Svenaeus explains that in the second chapter of Being and Nothingness, ‘The Body’, and in the third part ‘Being-for-others’, an outline of the phenomenology of falling ill elaborates Sartre’s concepts of ‘being-for-itself’ and ‘being-in-itself’, and that “these two forms of being are not only opposed to each other, but also necessarily conjoined” (Svenaeus 2009, p. 55). For Sartre, Svenaeus explains, the act of embodiment between the interaction of humans is characterised by feelings of shame in that the person, “for-itself”, momentarily becomes a ‘thing’:
“The main idea is that the gaze of the other person has the power to objectify me; I turn into a thing for another consciousness by being looked upon and thereby discover my body as an in-itself, which is yet me… To become oneself by way of the direct or indirect gaze of the other appears to be a fundamentally alienating experience: the self is separated from its true essence – freedom as consciousness – in becoming an in-itself (a thing). The lived body thus appears to be the place where the being-for-itself finally confronts the being-in-itself, although these two forms of being are necessarily opposed for Sartre” (Svenaeus 2009, p. 55).
The body as a ‘thing’ is a being for consciousness, and therefore it is different from consciousness.

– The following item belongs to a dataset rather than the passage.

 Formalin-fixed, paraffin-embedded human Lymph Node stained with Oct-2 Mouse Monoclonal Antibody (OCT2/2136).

This, Svenaeus explains, for Sartre, means that consciousness is a way of its “being nihilation”; it is always different from things, but it lacks essence. Consciousness is “pure existence devoid of any essence” (Svenaeus 2009, p. 55). This paradox, Svenaeus explains, is fundamentally alienating for Sartre.

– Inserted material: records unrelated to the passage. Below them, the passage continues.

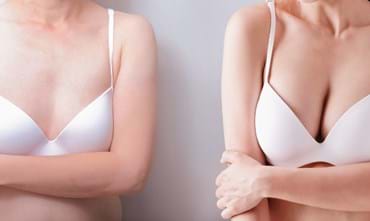 What does breast enlargement with your own fat involve?
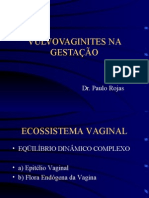 Vulvovaginites Na GestaÇÃo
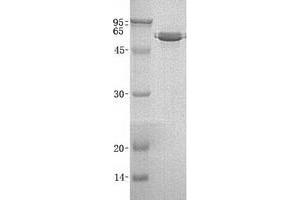Validation with Western Blot (MMP3 Protein (His tag))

In an attempt to uncover the structure of a lived body, Svenaeus explains, Sartre uses physical examples of pain and illness: the lived pain experienced in the body is not presented as belonging to the body, but rather, belonging to the activity by which the body experiences it. For example, Sartre describes a scenario whereby a reader experiences pain through reading, but does not necessarily concentrate on this pain outside of reading: “The pain is not known – not focused on as an in-itself – but is still there in my pre-reflective way of consciousness until I used a finger to turn the page” (Svenaeus 2009, p. 56). Here, with reference to Heidegger, Svenaeus explains, pain is presented as a part of the bodies “being-in-the-world”; it is not reflective or referred to others, it is in the body as “vision-as-pain”, that comes to the surface when apprehending pain. This apprehending of pain is, according to Sartre, a directed reflective consciousness on “present consciousness-as-vision”, a pain that is “posited” by this reflective consciousness (Svenaeus 2009, p. 56). Sartre’s pain, Svenaeus explains, is a “psychic object” that has its own time: “it is distinct from consciousness and appears through it”. For Sartre, “the brief respites are a part of the illness just as silences are a part of the melody. This ensemble constitutes the rhythm and behaviour of the illness” (Svenaeus 2009, p. 57).
In summary, Svenaeus argues that illness or pain is lived as a for-itself of the person’s own body, “that is: a for-itself which is mine, yet still alien, since it resists and disturbs, rather than supports, consciousness. This is an aporia for Sartre, of course: in his system only consciousness can display the form of the for-itself’s being”. With this in mind, Svenaeus states that to view pain as “an object constituted by the self-being of consciousness, would be to miss the point that the body is actually at the very heart of my self-being as a constituting being, rather than being constituted by me”. According to Svenaeus, it is the otherness of the body that “lends facticity” to its existence (Svenaeus 2009, p. 57-58).